**RECORDS TO USE:**
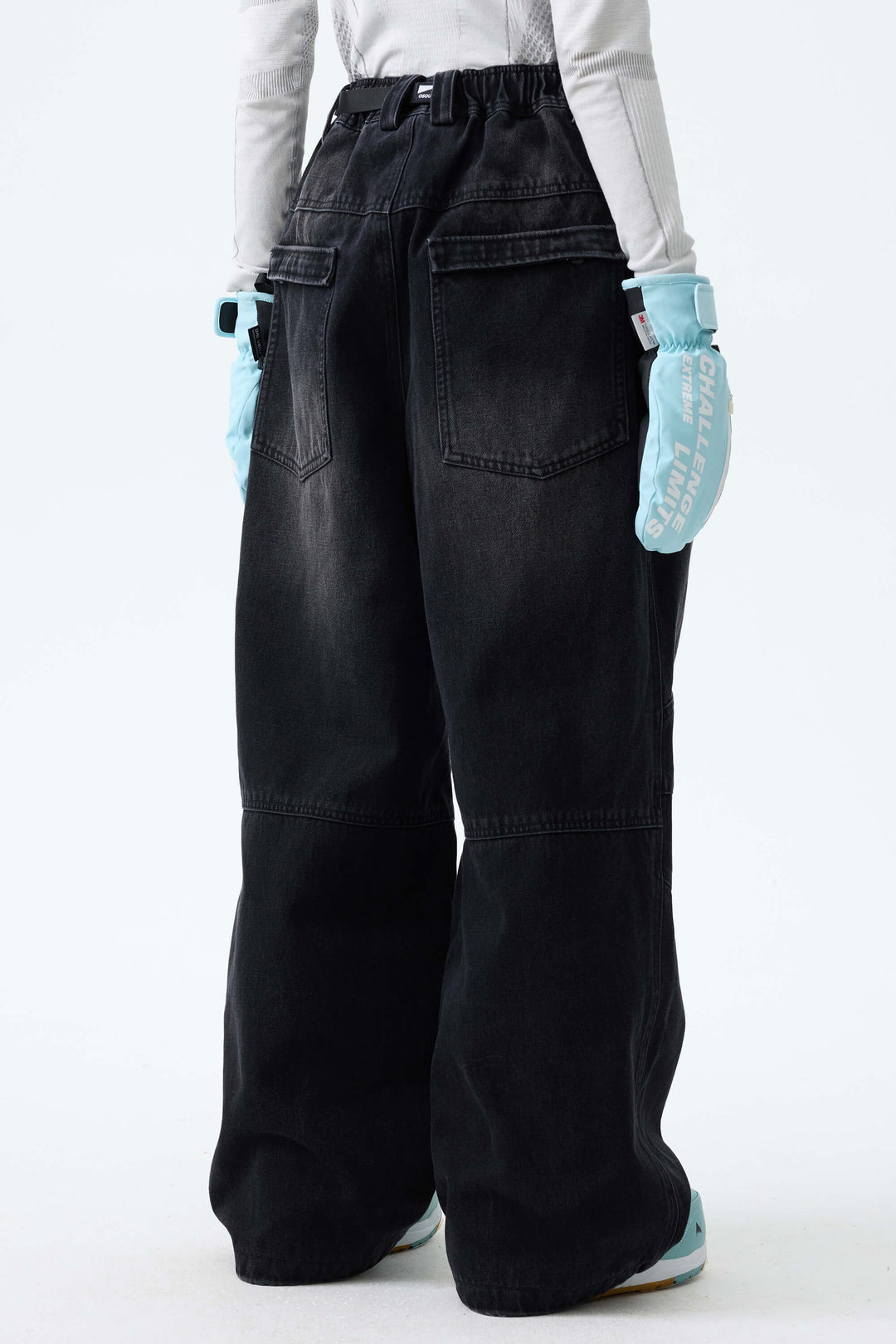 Women's Washed Black Real Denim Articulated-Knee Baggy Snow Pants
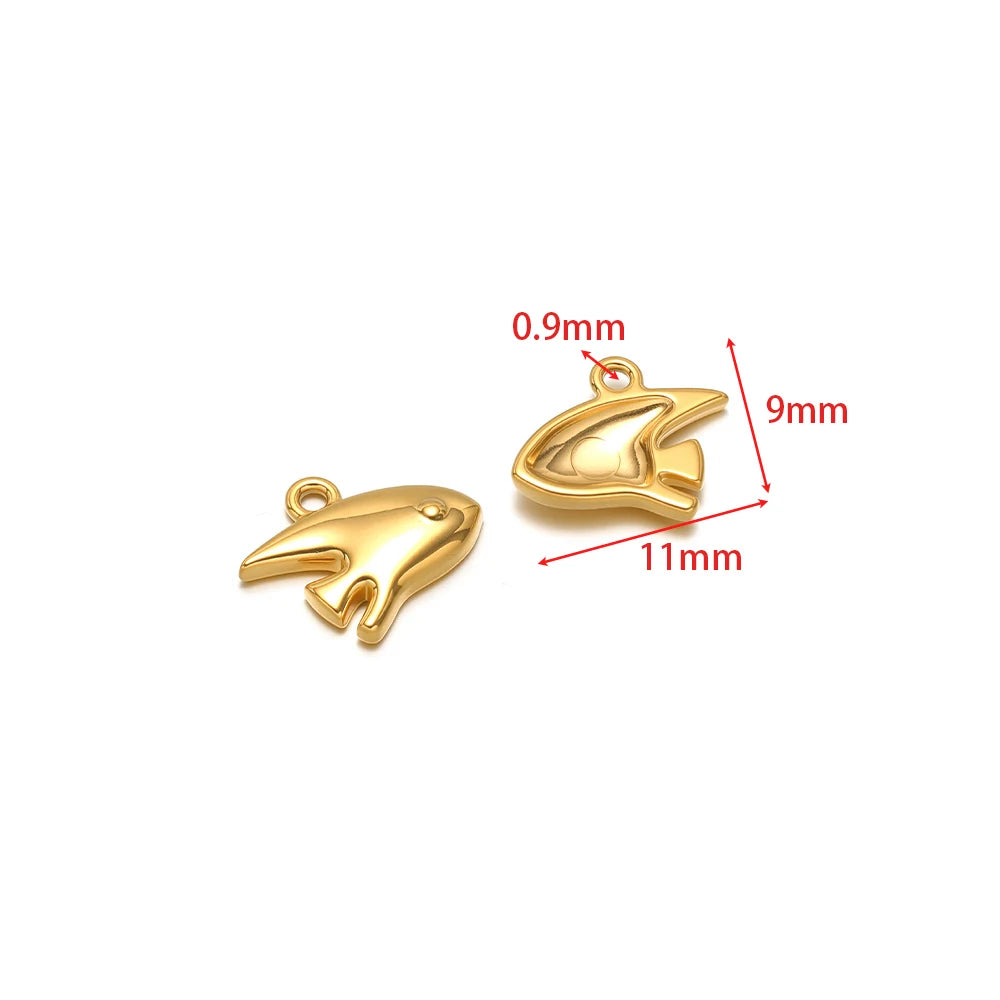 Gold-tone dolphin charms with hanging loops, stainless steel, 2-pack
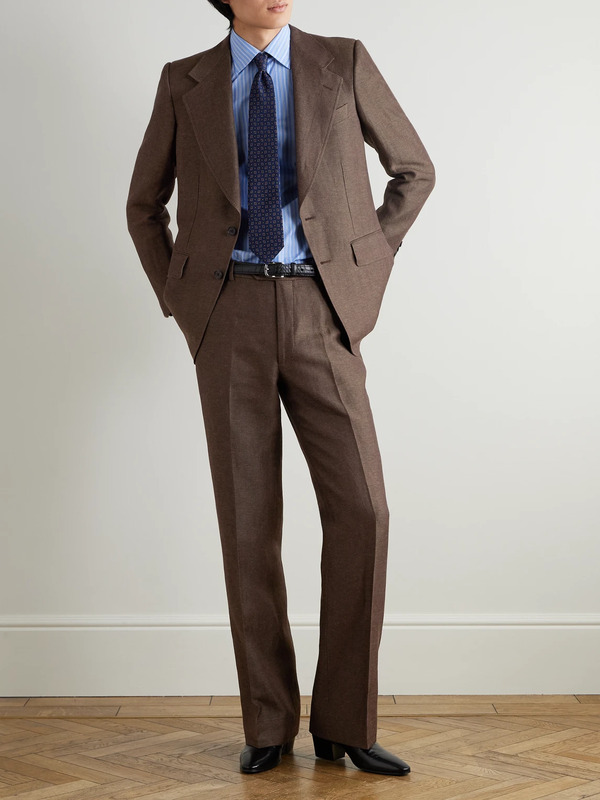  Husbands - Wool And Linen-blend Twill Suit Jacket - Men - Brown - It 46 
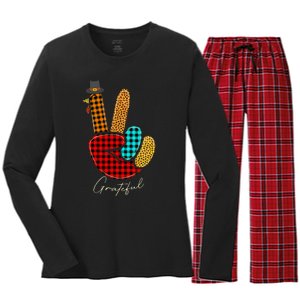 Peace Love Turkey Grateful Turkey Hand Sign Thanksgiving Women's Long Sleeve Flannel Pajama Set 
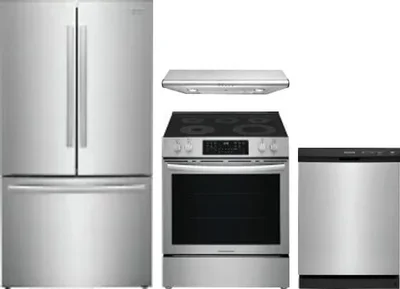 4 Piece Package Includes Refrigerator, Range, Hood And Dishwasher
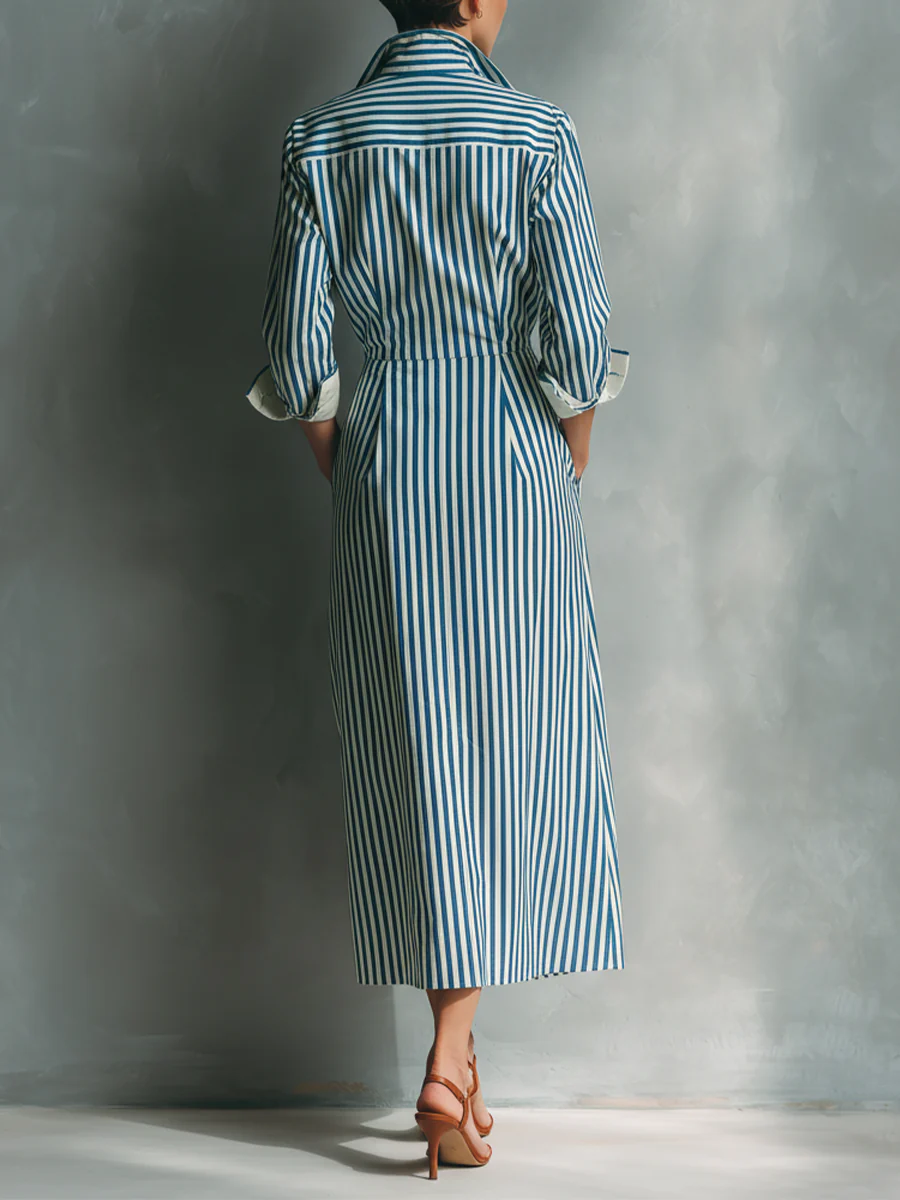 Blue And White Cotton Striped Shirt Dress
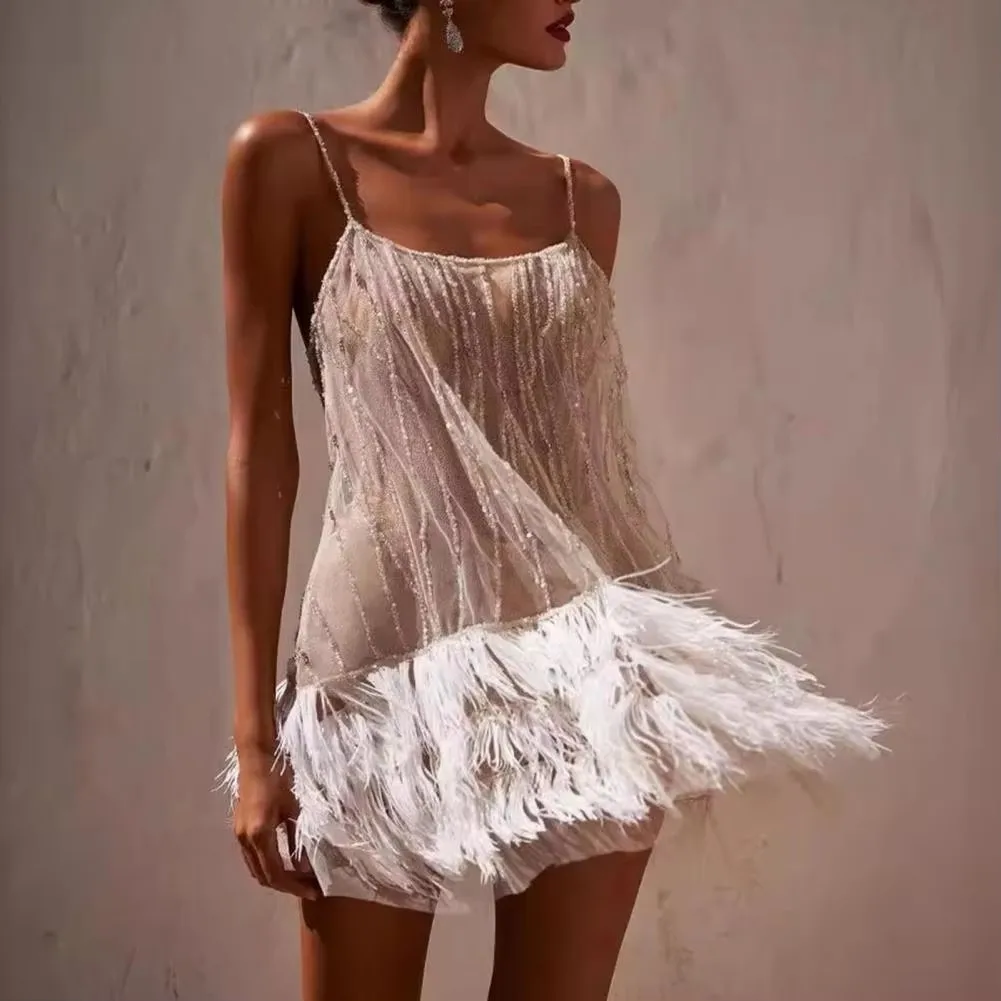 S-XXL Elegant Fringed Hem Sequin Slip Dress Women Cocktail Banquet Club Mini Low-cut Backless Suspender Natural Waist Breathable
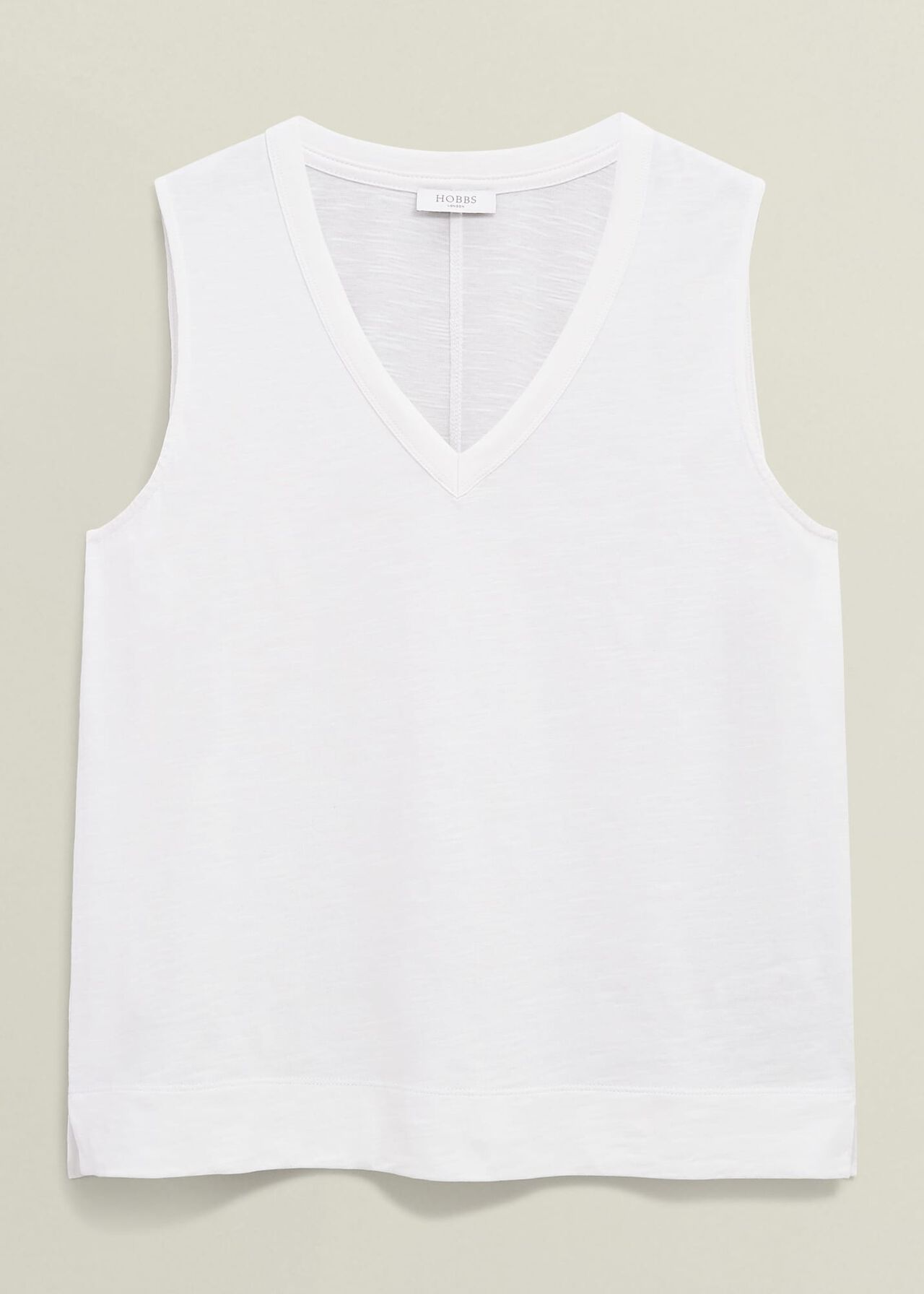 Lilla Cotton Slub Tank, White, hi-res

**THE PROBLEM:** Take the material above from the line containing "Gold-tone dolphin charms" up to and including the line containing "Blue And White Cotton Striped Shirt Dress" and retype it exactly, without any pictures.

**SOLUTION FOR THIS EXERCISE:**
 Gold-tone dolphin charms with hanging loops, stainless steel, 2-pack
  Husbands - Wool And Linen-blend Twill Suit Jacket - Men - Brown - It 46 
 Peace Love Turkey Grateful Turkey Hand Sign Thanksgiving Women's Long Sleeve Flannel Pajama Set 
 4 Piece Package Includes Refrigerator, Range, Hood And Dishwasher
 Blue And White Cotton Striped Shirt Dress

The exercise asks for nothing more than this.